Wheat feeding is increasing as wheat and corn are near parity in some markets.
In its 2025/26 June WASDE report, the USDA is projecting China’s feed use for wheat unchanged from 2024/25 at 33 million tons.
Plotted below is the price spread between wheat and corn compared to each marketing year’s estimate for wheat feeding. On the left axis is the price spread in Henan. When the line is below zero, corn cheaper than wheat, and when it’s above zero, wheat is cheaper than corn.

However, typically when wheat is at a premium of 100 yuan/ton or less it will be economical for feed mills to use wheat rather than corn.
The 2020/2021 marketing year is an outlier with corn prices at one point being 400 yuan per ton more expensive than wheat, and wheat feeding reaching 45 million tons.
From 2016 through 2020, China had been auctioning off its temporary corn reserve that had been purchased from farmers in the years prior to support prices.
As those reserves ran out, supply shrunk, and prices rallied about 1000 yuan per ton, or 50%, from mid-2020 through mid-2021.
Since then, wheat feeding has ranged from 33-37 million tons per year. 2023/24 saw higher wheat feeding at 37 million tons due to late rains which damaged wheat crops.
Last year saw wheat feeding fall as corn prices fell and last year’s wheat crop quality was good.

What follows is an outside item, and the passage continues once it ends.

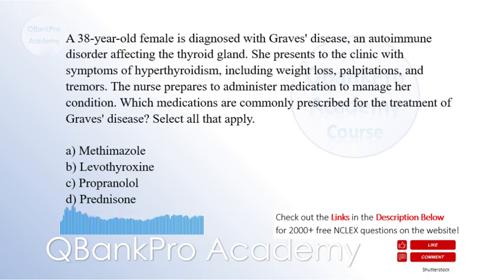A 38-year-old female is diagnosed with Graves' disease, an autoimmune disorder affecting the thyroid gland. She presents to the clinic with symptoms of hyperthyroidism, including weight loss, palpitations, and tremors. The nurse prepares to administer medication to manage her condition. Which medications are commonly prescribed for the treatment of Graves' disease? Select all that apply.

The corn market is currently in a situation of tight supply as farmers have sold all of their crop earlier than last year and imports have essentially stopped.
Although China has imported some corn, imports have been below 500k tons per month for 10 months now. Prior to this, imports were above 500k tons per month for 52 consecutive months. During those 52 months, imports averaged 1.9 million tons per month.
In 2023/24, wheat was being used as feed because it was damaged, but this year, wheat is being used as feed because corn supplies are tight and prices continue to rally.
In that context, the USDA projection of 33 million tons of feed demand for wheat seems conservative and could be raised in coming months.
The tightness in the corn market could see China normalize its corn imports and depending on how much wheat ends up going to feed, also increase its wheat imports.